Another typical Brownism that has come into fruition recently are his attempts to be funny or involve some kind of humour. Tell me, what relevance to a question on burglaries and crime reduction does a poster of David Cameron or mentions of Lord Ashcroft actually bear?!
He's tried it so many times but the only one who was actually laughing was Gordon himself.
I did like how shocked and sickened Brown said he was over the expenses scandal, especially after he paid for a maid service using taxpayer money; she must've left a stain.
The moment of the evening for me came in the form of Joel Weiner's dramatic return to the fray of politics... Evidence that the audience was to a degree hand-picked thanks to the inclusion of the young Jewish political celebrity who was upset at competition in schools... My heart truly bleeds.
Having left school myself only last year, I know what it is like to be in this apparent minefield of exams and pressures... The real fear at schools should be the lack of power given to teachers and as Mr.Cameron pointed out, the weakness of headteachers who are being held to ransom by 'Appeals panels'. How the teachers have now become the children in the classroom!
I have been in classes of 2 pupils and classes of 32 pupils and now at University over 200 students all crammed into one room... Mr Clegg's 20 pupil infant school school and 16 pupil secondary school proposals will do little; if a child wants to learn it will go to school, do the extra reading and strive to be the best (Sorry Joel, competition is unavoidable), those who don't want to learn won't learn. If they cause disruption to a class they should be isolated, that way they've got no audience and if they're still not working it's a waste of the taxpayers money to keep them in school, especially at KS3 level.

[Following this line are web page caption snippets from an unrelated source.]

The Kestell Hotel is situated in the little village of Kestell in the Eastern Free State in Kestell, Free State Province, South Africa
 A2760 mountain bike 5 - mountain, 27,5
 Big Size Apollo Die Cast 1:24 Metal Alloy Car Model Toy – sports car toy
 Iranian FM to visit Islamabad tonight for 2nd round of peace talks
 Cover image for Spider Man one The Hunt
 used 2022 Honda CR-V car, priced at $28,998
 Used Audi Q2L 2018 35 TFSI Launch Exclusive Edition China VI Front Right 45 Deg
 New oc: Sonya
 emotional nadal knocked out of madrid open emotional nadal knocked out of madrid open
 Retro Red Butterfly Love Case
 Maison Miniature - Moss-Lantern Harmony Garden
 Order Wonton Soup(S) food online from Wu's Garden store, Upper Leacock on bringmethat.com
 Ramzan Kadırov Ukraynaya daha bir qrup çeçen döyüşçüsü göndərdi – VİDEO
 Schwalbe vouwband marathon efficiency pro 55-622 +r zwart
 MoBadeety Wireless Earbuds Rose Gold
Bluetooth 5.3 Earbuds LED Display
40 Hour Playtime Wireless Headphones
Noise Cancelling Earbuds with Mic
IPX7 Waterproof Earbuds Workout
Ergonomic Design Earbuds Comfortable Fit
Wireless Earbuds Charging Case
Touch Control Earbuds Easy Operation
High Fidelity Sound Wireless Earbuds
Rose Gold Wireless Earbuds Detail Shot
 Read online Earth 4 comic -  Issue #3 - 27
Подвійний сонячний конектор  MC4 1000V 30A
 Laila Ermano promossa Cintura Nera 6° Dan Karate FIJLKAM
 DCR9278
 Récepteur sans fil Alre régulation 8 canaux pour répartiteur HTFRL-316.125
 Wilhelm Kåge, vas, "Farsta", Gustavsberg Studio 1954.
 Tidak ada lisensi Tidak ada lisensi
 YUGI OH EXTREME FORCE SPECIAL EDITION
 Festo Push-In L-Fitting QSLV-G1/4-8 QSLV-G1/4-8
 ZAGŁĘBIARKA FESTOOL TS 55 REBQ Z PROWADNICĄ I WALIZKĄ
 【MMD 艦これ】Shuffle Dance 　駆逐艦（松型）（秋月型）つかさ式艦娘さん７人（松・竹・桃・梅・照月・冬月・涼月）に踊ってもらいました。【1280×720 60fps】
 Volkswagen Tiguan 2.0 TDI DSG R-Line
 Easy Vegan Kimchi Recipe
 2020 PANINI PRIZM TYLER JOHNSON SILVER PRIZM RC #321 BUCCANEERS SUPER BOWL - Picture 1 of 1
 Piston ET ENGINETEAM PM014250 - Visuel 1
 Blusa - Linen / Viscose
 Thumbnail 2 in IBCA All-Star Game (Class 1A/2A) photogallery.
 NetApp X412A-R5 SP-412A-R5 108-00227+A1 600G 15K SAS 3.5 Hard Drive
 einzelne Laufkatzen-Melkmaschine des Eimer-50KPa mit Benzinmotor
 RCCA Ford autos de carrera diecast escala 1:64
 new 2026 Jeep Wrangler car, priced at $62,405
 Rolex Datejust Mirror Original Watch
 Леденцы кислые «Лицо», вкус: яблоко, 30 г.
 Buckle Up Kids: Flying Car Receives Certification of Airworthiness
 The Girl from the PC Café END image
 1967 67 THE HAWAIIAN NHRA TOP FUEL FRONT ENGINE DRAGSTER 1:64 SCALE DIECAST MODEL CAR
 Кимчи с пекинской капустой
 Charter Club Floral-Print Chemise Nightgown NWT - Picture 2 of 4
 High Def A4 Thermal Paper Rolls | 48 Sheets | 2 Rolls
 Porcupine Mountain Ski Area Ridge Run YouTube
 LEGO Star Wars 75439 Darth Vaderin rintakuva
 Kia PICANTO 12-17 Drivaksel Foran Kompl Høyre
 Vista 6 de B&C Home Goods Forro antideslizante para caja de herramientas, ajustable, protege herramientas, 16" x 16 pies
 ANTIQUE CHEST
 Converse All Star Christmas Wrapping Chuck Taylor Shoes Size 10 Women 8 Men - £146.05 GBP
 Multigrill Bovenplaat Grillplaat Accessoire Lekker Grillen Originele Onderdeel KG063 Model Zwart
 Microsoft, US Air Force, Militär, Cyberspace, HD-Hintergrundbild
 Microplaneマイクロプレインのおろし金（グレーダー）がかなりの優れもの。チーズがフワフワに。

I sat for the full 90 minutes last night frantically tapping away on my laptop making pages and pages worth of notes on what was said and how I read it. To me, a piece of revision which may come in handy but also a good place to draw evidence for this piece from.
I could go into detail on every single question however I'll just highlight what I found to be the most prominent points.
- Continually mentioned how he would make things different, when told his party had 13 years to do so and hadn't he froze.
- Thought that Clegg was on his side. Was rather abruptly shot down.
- Found it relevant to mention the 'X-Factor' , 'Britain's Got Talent' and various media outlets in what was meant to be a serious political debate.
- Attacked the Conservatives whenever possible but laid off the Liberal Democrats.
- Is already putting his novelty desk lamps into boxes.
- Used his allotted time well, answered clearly and made a good impression.
- Continually played on 'Old Party' system; Table football politics... Red vs Blue.
- Wanted a consensus on health care and asked other leaders to set aside differences on the issue.
- Tackled Cameron on spending cuts.
- Unable to justify £17bn spending gap in manifesto and on give-aways of £700 for taxpayer.
- Alerted viewers to Brown's campaign of 'Fearing the Conservatives', offering the public a government which works on hope and not fear.
- Unable to give clear figures when pressed by Brown. Will need to be more open in future debates or could face problems.
- Very honest detailing on his values; will support those who work hard, are ill or in need.
- Questioned useless bureaucracy and continually referred to cutting waste which Brown could not justify.
- Looked like a leader, looked like a man who can take the country where it needs to be.
The popular polls put it: Clegg 1 - Cameron - 0 - Brown - 0... We'll all have to see how this translates into voters in the upcoming weeks.
What will be required next time?
I think it's fair to say that the next debate on SkyNews will be interesting indeed, what will the leaders take forward, what will be different and what will stay the same. If Clegg can pull off another decent performance he will gain some credible support however Cameron will be smarting from what has appeared to be a defeat and of course Gordon will be there too keep an eye on things ;).